Why LinkedIn is not the place to sellIn a recent LinkedIn group discussion this question was raised…

How can we leverage LinkedIn to sell more without being salesy or spammy?

It would seem there is a very wide range of answers to the question indeed.

We are all bombarded with emails, often poorly targeted, which claim to offer us the ‘best deal’ in the world. My expectation on LinkedIn is far less tolerant of such communication.

For example, if I see this type of message (purporting to be a discussion) in a group – I will likely leave the group.

However, we might also acknowledge that apart from the many other benefits of being active on LinkedIn, such as knowledge sharing, showcasing your experience and undertaking market research for example, LinkedIn is undoubtedly a place to do business, and therefore to sell.

Or is it?

Here is my take.

There is no ‘Buy’ button on LinkedIn. The sale will always be done somewhere else, most often face to face in the world of business to business. So just how sales-orientated is it okay to be on LinkedIn?

I would say ‘not very’ – at least not until you’ve done your research and are very sure that your prospect has a high likelihood of being interested, at some point, in your product or service.
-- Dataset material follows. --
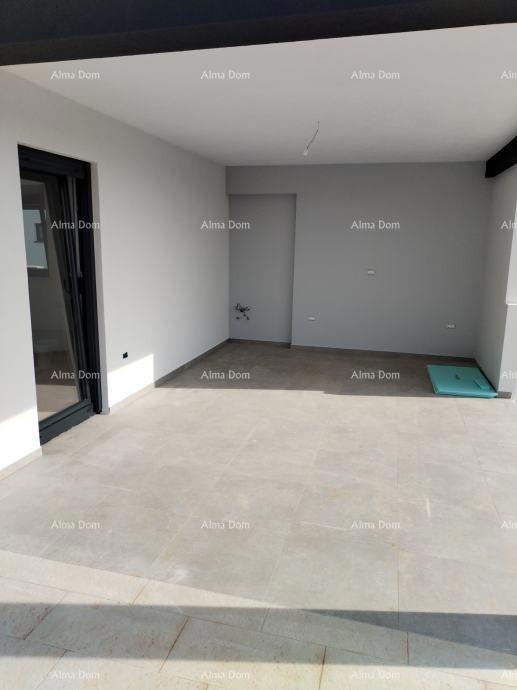 Marčana, hiša 125 m² s bazenom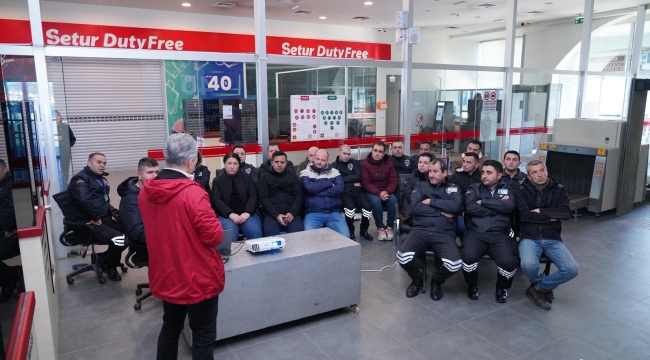 Ayvalık Deniz Hudut Kapısı'nda Görevli Personele Özel Eğitim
Here are some useful tips I took from the debate (and have added a few of my own…)

*  Understand the new culture – selling through social media is, well, different

*  Start with a complete and inbound optimised LinkedIn profile

*  Think of prospect clients as units on one, not one to many

*  See yourself as someone knowledgeable in your field and share – they will come to you

*  Be genuine, honest and help others, at all times

*  Give to get – be a resource people will seek out

*  Never pitch – tell your story through example

*  Make connections, but stay engaged until the time comes when an opening arises

*  Explain why, in a personalised connection request, you wish to connect

*  Get into your prospects peripheral vision. Join common groups, be in the conversation, add your opinion – respectfully

*  Prepare thoroughly

*  Have good examples ready to demonstrate how you can help others with their problem

*  Listen, listen, listen

*  Attract – then engage

*  Take the conversation off LinkedIn at the earliest opportunity

The bottom line may very well be sales-orientated, but beware trying to close the sale too soon on LinkedIn. This is the place to start the conversation, not close the deal.